Wilkins pressed further, asking if Haaland should be concerned with the Wire Act or other federal statutes.
Heron responded by citing a section of IGRA that gave Secretary Haaland the authority to reject the compact if it violated federal law. But Haaland took no action. Under another section of IGRA, there is only one caveat for when the Secretary could go the inaction route.
“That is when the compact contradicts IGRA itself. For that reason, we read the statue to mean that the secretary does not have an affirmative duty to disapprove when a compact violates some non-IGRA federal law,” said Heron.
Wilkins asked whether those federal laws should be considered during the appeal. Heron wrapped up her argument by claiming an overturning of Friedrich’s decision is sufficient.
West Flagler raised those issues as alternative arguments. However, Heron claimed they don’t need to be considered to overturn the district court’s decision.
West Flagler stays on the attack
Heron spent most of her time clarifying her argument to the court. But West Flagler doubled down on the ones made in their filings while poking holes in the feds’ claims.
Speaking on behalf of the legal team for West Flagler, Hamish Hume said the compact gave the Seminoles a “monopoly.” Moreover, he said, “The government concedes that IGRA cannot authorize gambling that takes place off Indian land.”
Afterward, he attacked Heron’s basis for overturning Friedrich’s ruling.
“They are trying to have it both ways,” said Hume. “They are asking this court to reverse the district court and hold that IGRA approves the compact that authorizes gambling off Indian lands even when they say in their legal briefs that IGRA can’t authorize gambling off Indian land. What they are saying makes no sense and is going to be a cruel joke if this court accepts the argument.”
Hume added that state law should not be considered. And that the court should be able to interpret state law for themselves. He reiterated that regardless of state law, the compact doesn’t satisfy IGRA standards.
Judges give pushback
When comparing filings between the plaintiffs and the defendants, it appeared West Flagler had the edge. Their briefs were cleaner and easier to follow.
But during oral arguments, some judges pushed back on their arguments.
Judge Wilkins asked Hamish what part of IGRA states that a bet made online outside tribal land, but processed by servers on tribal land violates the law.
“It violates 2710 8(A) in the sense that it goes beyond what the secretary can authorize,” responded Hume. “The wording that it violates IGRA, we would agree with. Perhaps it would be clearer if I said it this way. It goes beyond what the secretary can authorize under IGRA.”
Wilkins followed up with a question comparing the issue to online commerce and the varying sales taxes between states.
Then, Hume pointed to court cases where the government defined online betting as both where the bet is placed and where it is processed.

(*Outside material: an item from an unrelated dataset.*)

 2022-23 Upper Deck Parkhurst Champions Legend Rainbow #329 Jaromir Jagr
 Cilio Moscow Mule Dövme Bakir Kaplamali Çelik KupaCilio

Near the end of his time, Judge Karen Henderson referred to Hume as “resistant.”
Seminole Tribe makes final plea to become a relevant party
Unlike the DOI and West Flagler, the Seminole Tribe isn’t an actual party. Instead, they petitioned the court for limited intervention in the case.
If the court agrees, the tribe can file for dismissal, citing their sovereign immunity. The move would likely be successful.
Ironically, both the DOI and West Flagler agree that the Seminoles do not need to be a part of the case. But the tribe believes otherwise.
The DOI only argued the merits of the compact. Instead, the Seminoles would also argue the sovereign immunity of the tribe.
When will we see a ruling?
Unfortunately, the timeline is up in the air. Experts estimate the earliest we can see a decision is in Q2 of this year.
Regardless of the outcome, the losing party is almost certainly going to appeal. But if the D.C. Court of Appeals overrules the district court, the Seminoles could immediately relaunch their online sportsbook.